** Extracted material follows **

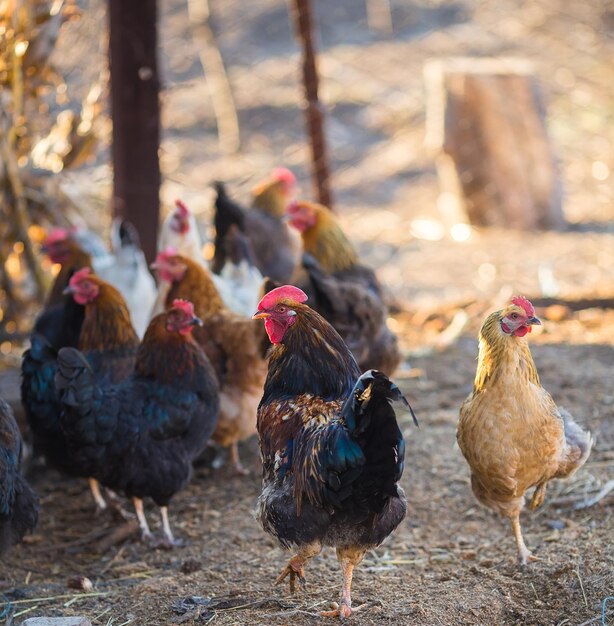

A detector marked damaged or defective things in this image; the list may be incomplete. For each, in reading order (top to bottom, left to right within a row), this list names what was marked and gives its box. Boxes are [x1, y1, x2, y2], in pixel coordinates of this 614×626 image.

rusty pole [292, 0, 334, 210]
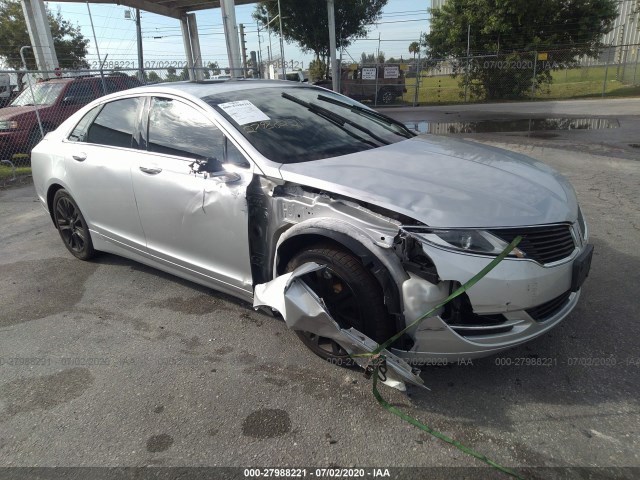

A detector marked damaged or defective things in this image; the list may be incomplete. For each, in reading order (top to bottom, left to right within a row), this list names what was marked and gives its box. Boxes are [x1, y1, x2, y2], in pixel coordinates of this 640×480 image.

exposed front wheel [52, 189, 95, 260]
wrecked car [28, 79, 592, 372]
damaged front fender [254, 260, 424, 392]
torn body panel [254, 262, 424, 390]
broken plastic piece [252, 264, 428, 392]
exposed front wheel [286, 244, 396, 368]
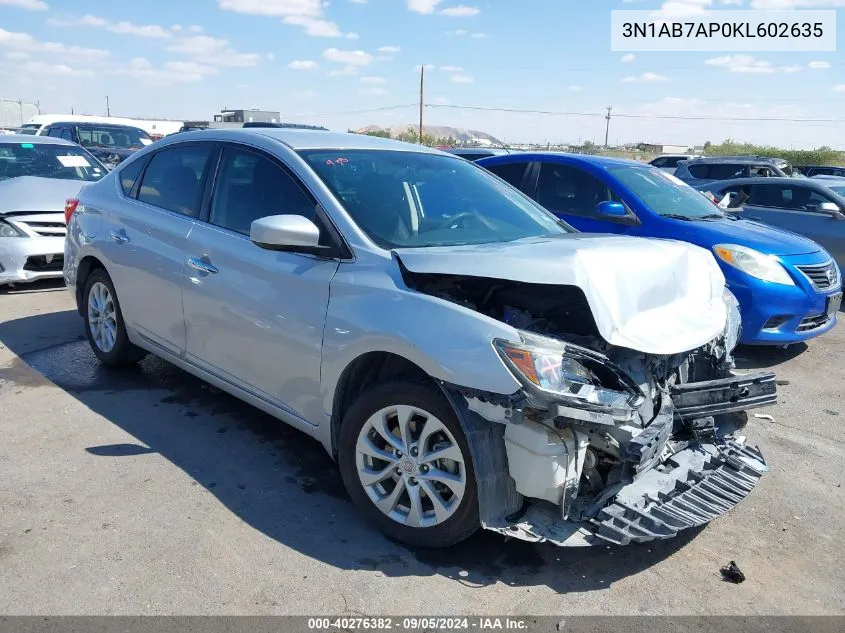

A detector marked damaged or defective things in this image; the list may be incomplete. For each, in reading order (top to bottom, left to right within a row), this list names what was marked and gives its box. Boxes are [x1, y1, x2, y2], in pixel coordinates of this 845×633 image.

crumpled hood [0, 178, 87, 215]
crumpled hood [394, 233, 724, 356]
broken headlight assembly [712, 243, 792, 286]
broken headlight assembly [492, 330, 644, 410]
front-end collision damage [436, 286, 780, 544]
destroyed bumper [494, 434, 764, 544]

** End of Extracted material **

- [Prompt]: Each line from the one holding "this 640×480 image." down to the end of the records is to be reproduced unaltered, and the pictures are to be omitted.

- [Result for this exercise]:
A detector marked damaged or defective things in this image; the list may be incomplete. For each, in reading order (top to bottom, left to right within a row), this list names what was marked and gives its box. Boxes are [x1, y1, x2, y2], in pixel coordinates of this 640×480 image.

exposed front wheel [52, 189, 95, 260]
wrecked car [28, 79, 592, 372]
damaged front fender [254, 260, 424, 392]
torn body panel [254, 262, 424, 390]
broken plastic piece [252, 264, 428, 392]
exposed front wheel [286, 244, 396, 368]

A detector marked damaged or defective things in this image; the list may be incomplete. For each, in reading order (top to bottom, left to right within a row), this list names what was marked and gives its box. Boxes are [x1, y1, x2, y2], in pixel coordinates of this 845×633 image.

crumpled hood [0, 178, 87, 215]
crumpled hood [394, 233, 724, 356]
broken headlight assembly [712, 243, 792, 286]
broken headlight assembly [492, 330, 644, 410]
front-end collision damage [436, 286, 780, 544]
destroyed bumper [494, 434, 764, 544]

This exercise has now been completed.